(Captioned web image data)
BEGIN
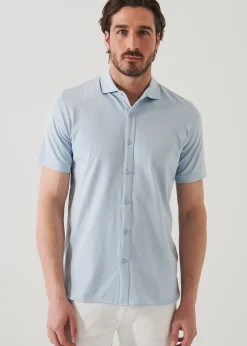 PATRICK ASSARAF Pima Cotton Stretch Button Front Shirt|Men Shirts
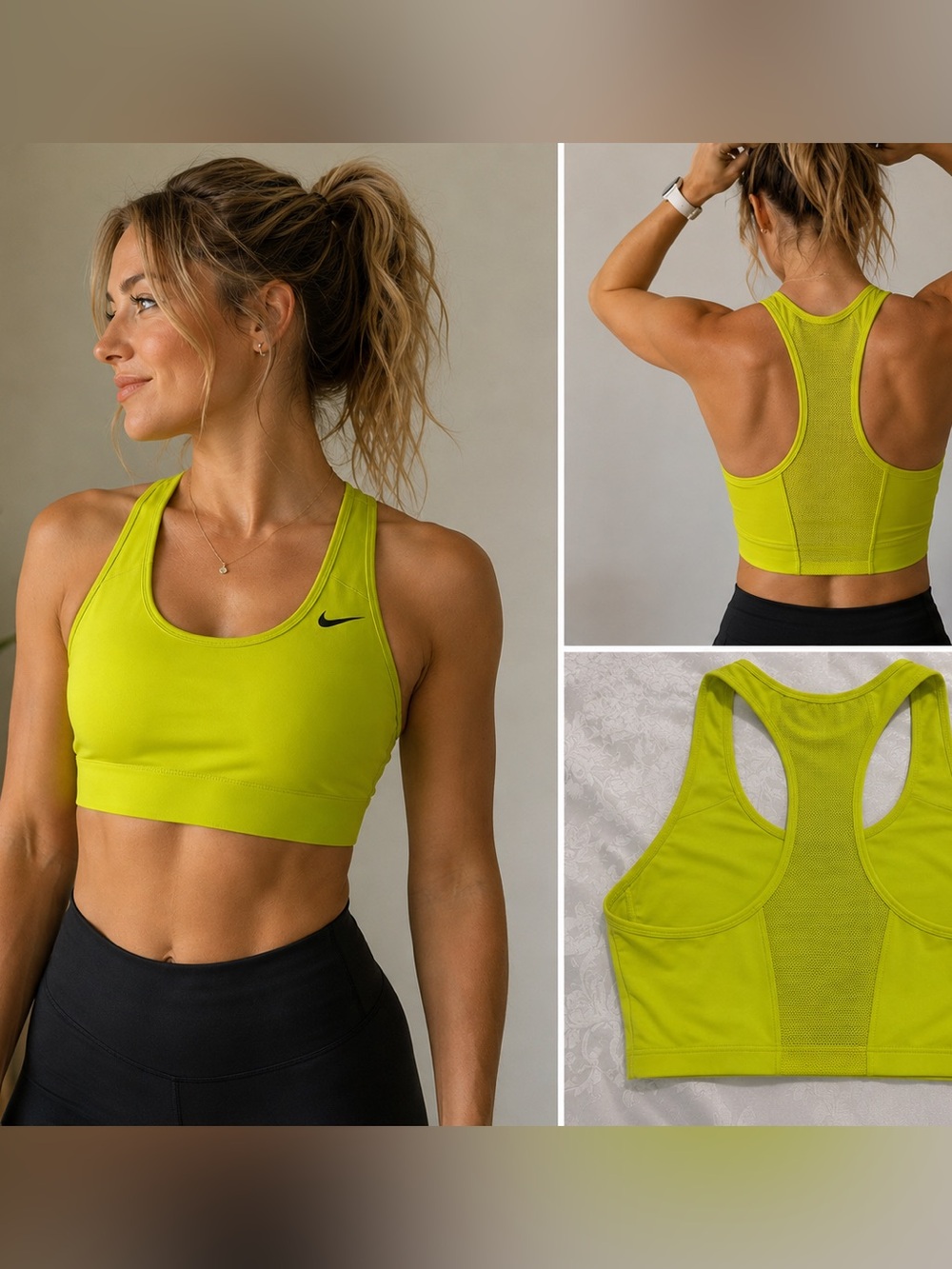 Nike Victory Shape 2.0 Dri-FIT Sports Bra M Neon Lime Mesh Racerback
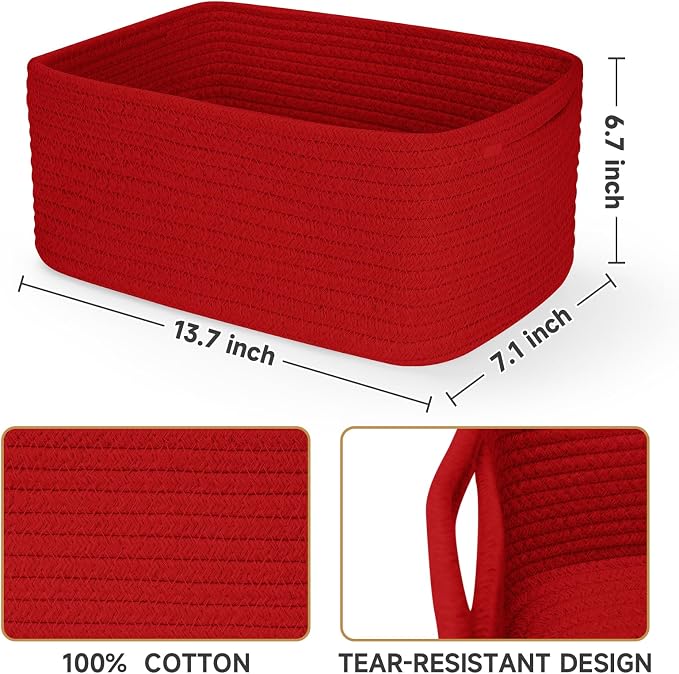 3-Pack Storage Baskets for Organizing | Woven Shelf Toy Basket | Rope Baskets - Image 3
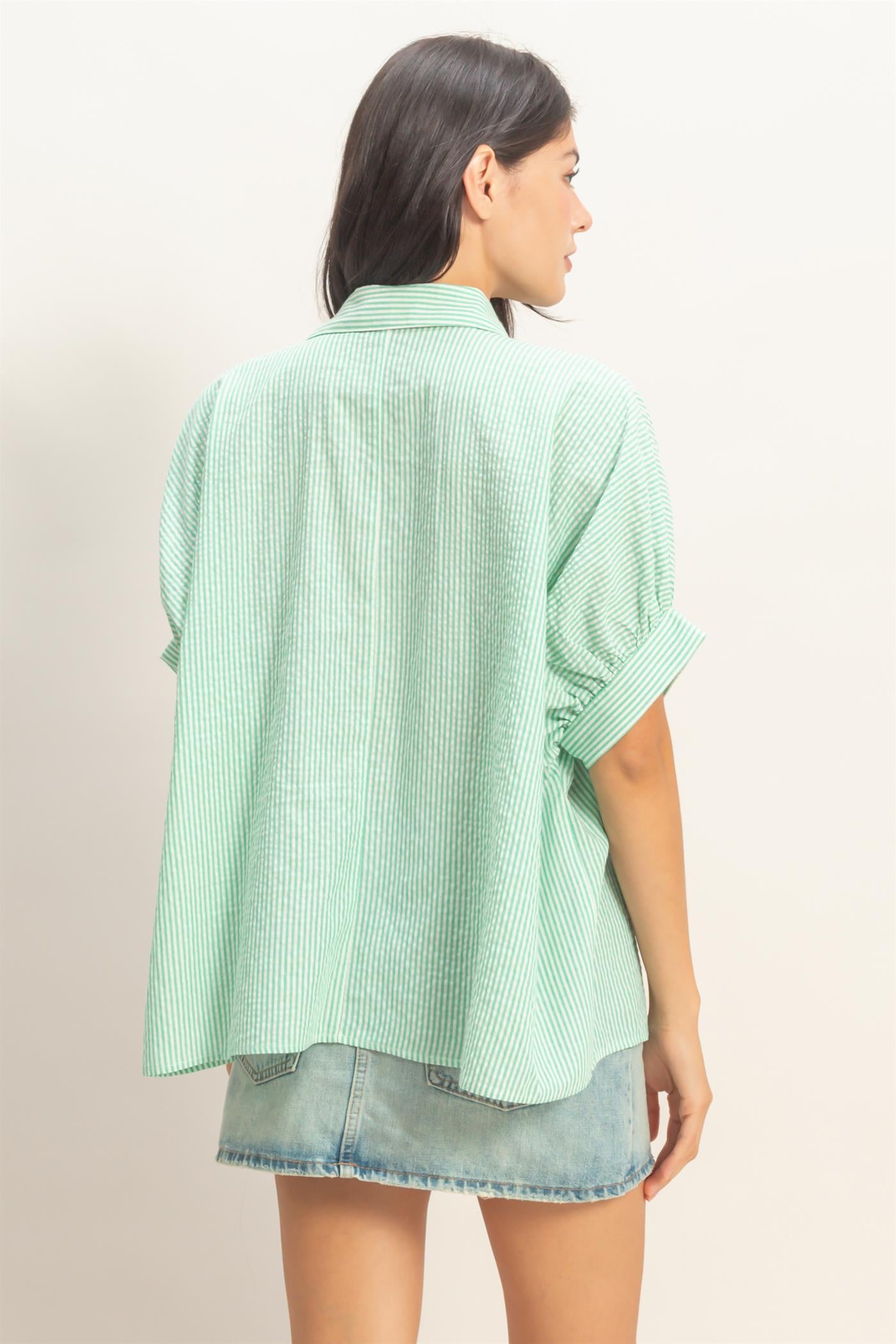 Wholesale Striped Short Sleeve Button-Front Blouse T-Shirts DZ26C276 GREEN DOUBLE ZERO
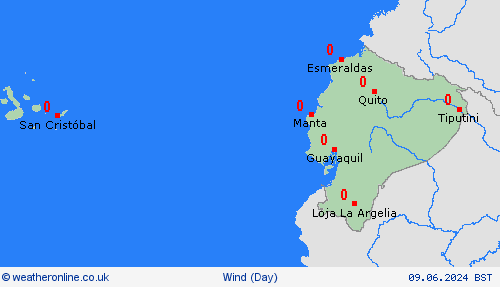 wind Ecuador South America Forecast maps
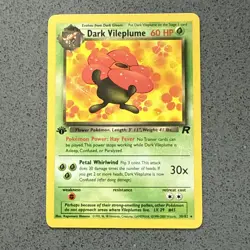 Pokemon TCG Dark Vileplume Non-Holo Card 1999 Vintage, #30/82 - Image 1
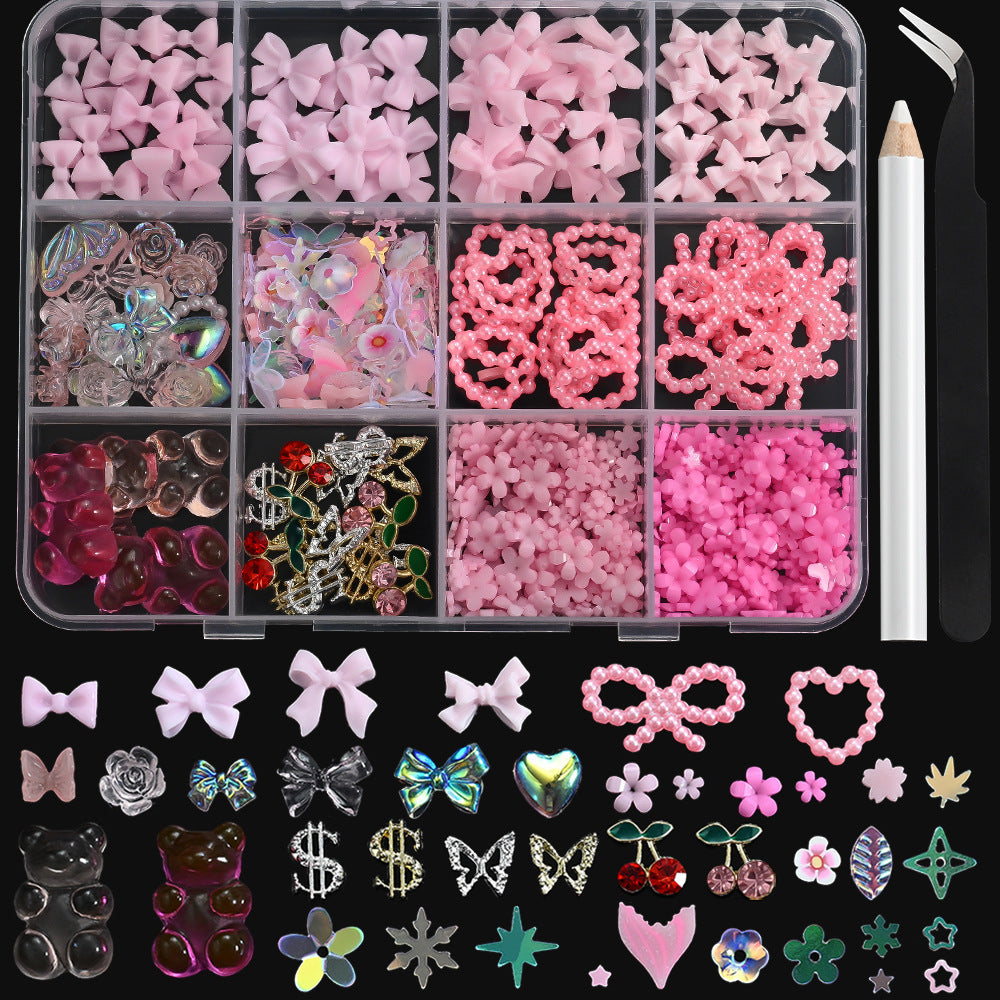 12-Grid Nail Jewelry Set | Bows, Pearls, Butterflies & More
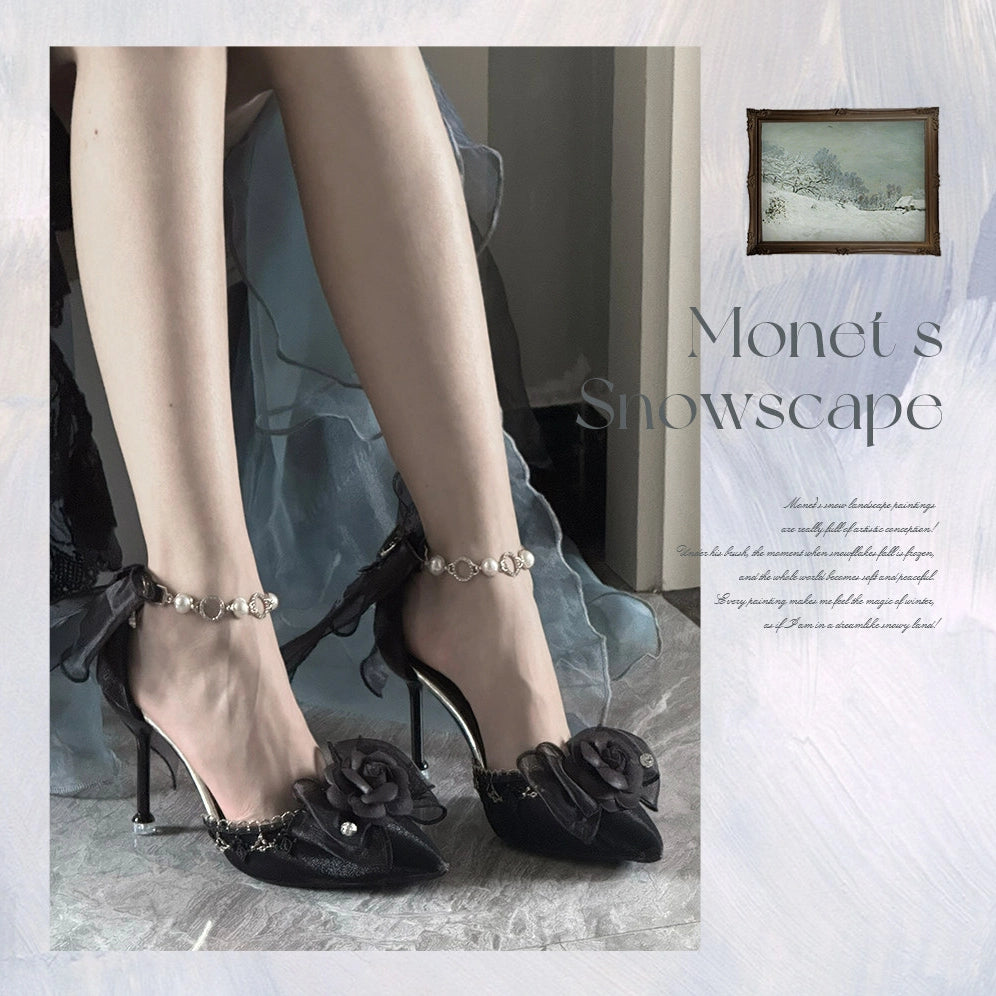 Silver Feather Lolita Cla Monet Organza Boned JSK Dress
END
## EXERCISE GOAL
Every record should be duplicated exactly, though any picture in it must be left out.

## SOLUTION TO THE EXERCISE
 PATRICK ASSARAF Pima Cotton Stretch Button Front Shirt|Men Shirts
 Nike Victory Shape 2.0 Dri-FIT Sports Bra M Neon Lime Mesh Racerback
 3-Pack Storage Baskets for Organizing | Woven Shelf Toy Basket | Rope Baskets - Image 3
 Wholesale Striped Short Sleeve Button-Front Blouse T-Shirts DZ26C276 GREEN DOUBLE ZERO
 wind Ecuador South America Forecast maps
 Pokemon TCG Dark Vileplume Non-Holo Card 1999 Vintage, #30/82 - Image 1
 12-Grid Nail Jewelry Set | Bows, Pearls, Butterflies & More
 Silver Feather Lolita Cla Monet Organza Boned JSK Dress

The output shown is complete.